--- SUPPLIED MATERIAL Enclosed Below ---

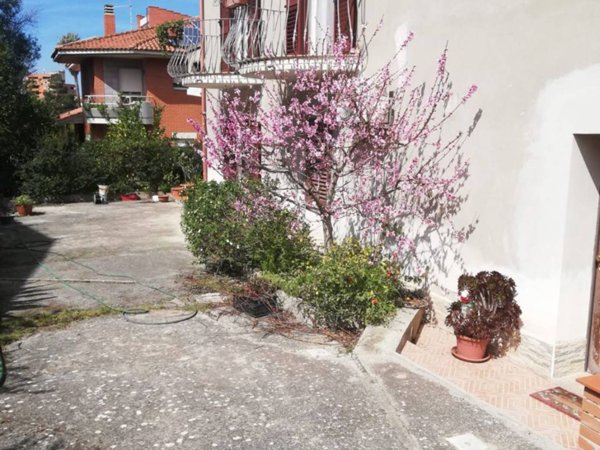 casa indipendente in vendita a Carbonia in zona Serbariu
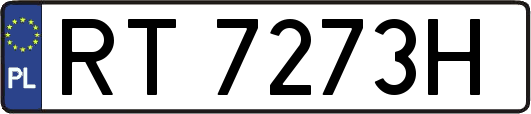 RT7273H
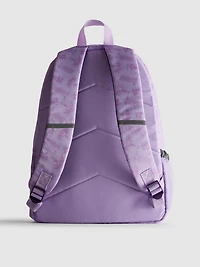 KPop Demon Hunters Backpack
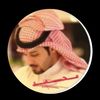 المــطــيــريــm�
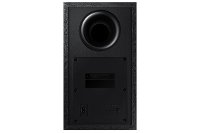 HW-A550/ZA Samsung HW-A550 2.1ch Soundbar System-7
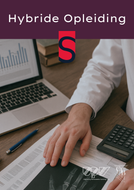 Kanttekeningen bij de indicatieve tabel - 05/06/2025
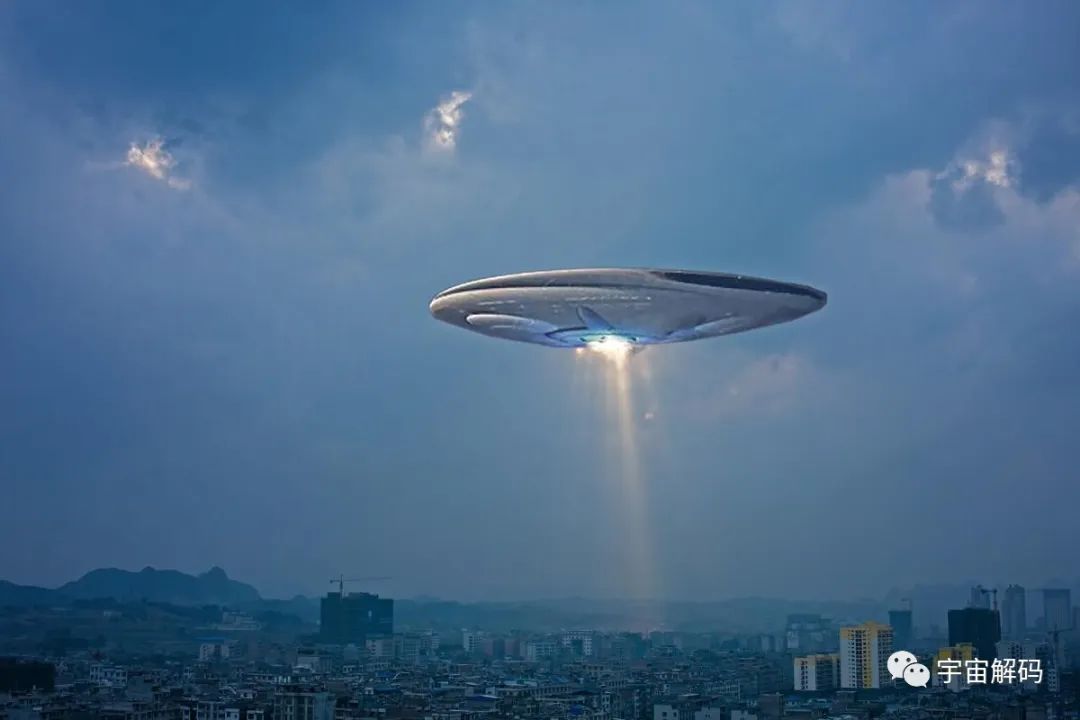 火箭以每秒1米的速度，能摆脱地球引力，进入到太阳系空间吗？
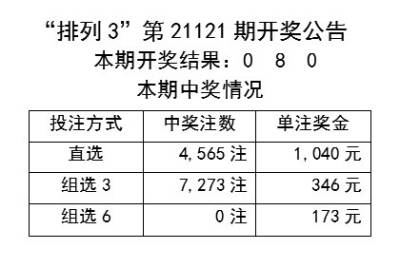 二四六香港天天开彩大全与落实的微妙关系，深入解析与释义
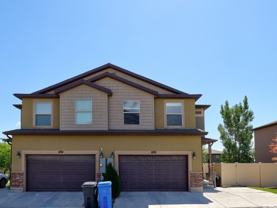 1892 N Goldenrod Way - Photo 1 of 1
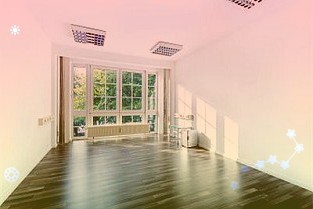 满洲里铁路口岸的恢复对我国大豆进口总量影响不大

--- End of Enclosed SUPPLIED MATERIAL ---

TASK TO COMPLETE. Leaving the pictures out, output all of the listing exactly.

SOLUTION TO THIS EXERCISE.
 casa indipendente in vendita a Carbonia in zona Serbariu
 RT7273H
 KPop Demon Hunters Backpack
 المــطــيــريــm�
 HW-A550/ZA Samsung HW-A550 2.1ch Soundbar System-7
 Kanttekeningen bij de indicatieve tabel - 05/06/2025
 火箭以每秒1米的速度，能摆脱地球引力，进入到太阳系空间吗？
 二四六香港天天开彩大全与落实的微妙关系，深入解析与释义
 1892 N Goldenrod Way - Photo 1 of 1
 满洲里铁路口岸的恢复对我国大豆进口总量影响不大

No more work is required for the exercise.